PROVIDENCE, R.I. (AP) – State and local officials in the United States are again overriding social distancing rules after a failed effort over the summer, allowing bars, restaurants and gyms to open. Fans gather without a mask at football matches. President Donald Trump is organizing crowded indoor demonstrations.
While some Americans may see these things as a welcome step towards normalcy, public health experts warn that the United States is bracing for bankruptcy – again.
“People are getting very dismissive about the pandemic,” said Mark Rupp, professor and chief of infectious diseases at the University of Nebraska Medical Center. The governor of Nebraska ended nearly all restrictions in his state on Monday, even with new coronavirus cases on the rise.
“I think it’s preparing us for further broadcast and more people get sick and, unfortunately, more people die,” Rupp said.
The virus is blamed for more than 6.5 million confirmed infections and 195,000 deaths in the United States, by far the highest total for any country, according to the Johns Hopkins University tally.
While the number of cases has dropped from an average high of 67,000 new infections per day at the end of July to around 36,000 now, the numbers remain staggeringly high. The deaths are about 750 per day, down from a peak of over 2,200 in late April.
In the past few days, Mississippi has allowed restaurants to expand their customer capacity to 75%. New Jersey has reopened indoor gyms and restaurants, albeit with limited capacity.

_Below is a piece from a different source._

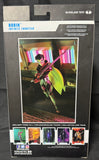 DC MULTIVERSE INFINITE FRONTIER - DAMIAN WAYNE ROBIN (PLATINUM CHASE VARIANT) 7IN AF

The governor of Michigan has allowed the reopening of gyms and the resumption of organized sports. On Thursday, the county commissioners of Pinellas County, Florida will discuss whether to repeal their mask ordinance.
Public health experts have noted that it is safe to resume certain activities in communities where there are low levels of infection.
The nation’s foremost infectious disease expert Dr. Anthony Fauci appeared on video at Vermont Governor Phil Scott’s virus briefing on Tuesday and praised the state’s response and its steps to safely reopen. He attributed this to Vermont’s emphasis on wearing masks, avoiding crowds, and taking other simple precautions.
But elsewhere, experts said, the case count is too high to resume high-risk activities, such as going to bars, gyms, theaters and stadiums, participating in sports closely or eating inside a restaurant.
In most communities in Florida, bars were able to reopen to 50% capacity on Monday, while maintaining some precautions. But Florida’s three largest counties – Miami-Dade, Broward and Palm Beach – are keeping their bars closed due to the high number of cases.
Even in places where drinking establishments have been given the OK to reopen, some owners and customers alike are hesitant.
At The Leon Pub, a smoky bar a mile down the Florida Capitol in Tallahassee, the Monday night crowd was sparse, as it had been for much of the long, oppressive summer.
“It was crickets and shrubs,” bartender Lauren Bryant said.
Among the few were Allie Preston and her husband. “We are locked up for a while. It was nice to have normality,” he said.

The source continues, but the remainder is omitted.